This code adopts basic MQTT architecture. AWS IoT MQTT Broker Server and TLS certificate part can refer to previosu exmaple.

• The change led state in this example, we use the GPIO interface to control the led. We set led_pin to 10 and led_state to 1 by default in the sample code.
  

   
  pinMode(led_pin, OUTPUT);
  digitalWrite(led_pin, led_state);
  

• Connect to AP
  Please refer to WiFi connection examples.
• Set up certificate
  Note that we use the WiFiSSLClient type of wifiClient:

  WiFiSSLClient wifiClient;
  

  WiFiSSLClient inherits Client, so it can be the parameter of PubSublicant constructor
  Next, set up TLS certificate required in connection.

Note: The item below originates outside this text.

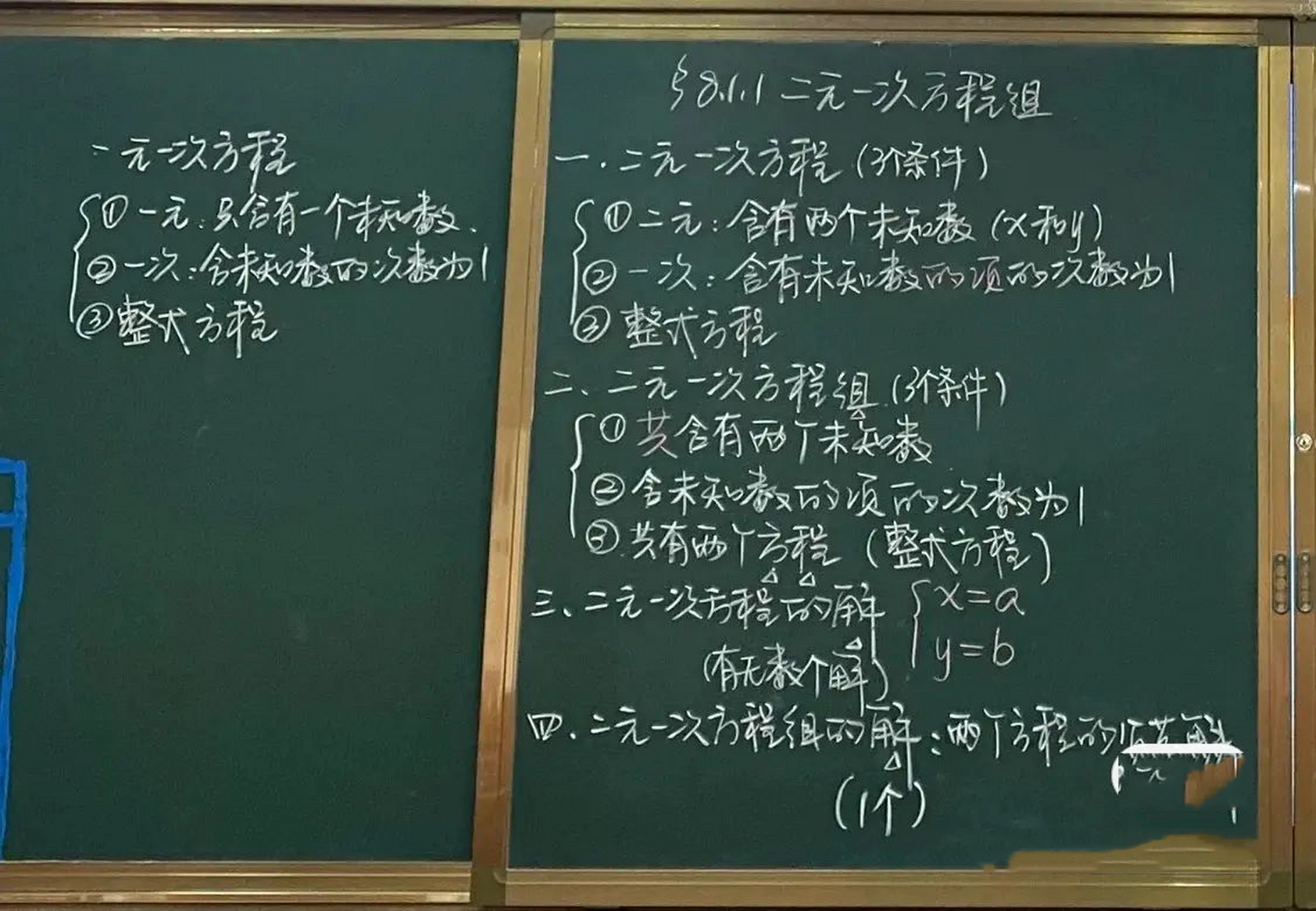 1二元一次方程组——初中数学板书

  wifiClient.setRootCA((unsigned char*)rootCABuff);
  wifiClient.setClientCertificate((unsigned char*)certificateBuff, (unsigned char*)privateKeyBuff);
  

• Configure MQTT Broker server
  Then MQTT PubClient set MQTT Broker server to connect

  client.setServer(mqttServer, 8883);
  client.setCallback(callback);
  

  Note that normally the MQTT using TLS protocol uses port 8883.

• Connect to MQTT Broker server
  In loop(), call reconnect() function and try to connect to MQTT Broker server and do the certificate verification.

  while (!client.connected()) {
  

• Subscribe & Publish
  Next, subscribe to topics.

  for (int i=0; i<5; i++) {
    client.subscribe(subscribeTopic[i]);
  }
  

  There are some common topics:
  “$aws/things/ameba/shadow/update/accepted”,
  “$aws/things/ameba/shadow/update/rejected”,
  “$aws/things/ameba/shadow/update/delta”,
  “$aws/things/ameba/shadow/get/accepted”,
  “$aws/things/ameba/shadow/get/rejected”
  Related documentation:
  http://docs.aws.amazon.com/iot/latest/developerguide/thing-shadow-data-flow.html
  Then publish current status:

  sprintf(publishPayload, "{\"state\":{\"reported\":{\"led\":%d}},\"clientToken\":\"%s\"}", led_state, clientId);
  client.publish(publishTopic, publishPayload);
  

• Listen to topic and make response
  In the callback function, we listen to the 5 subscribed topics and check if there is messages of “/shadow/get/accepted“:

  if (strstr(topic, "/shadow/get/accepted") != NULL) {
  

  If there is, the message is from the control side. If the attribute state in the message is different from current state, publish the new state.

  updateLedState(desired_led_state);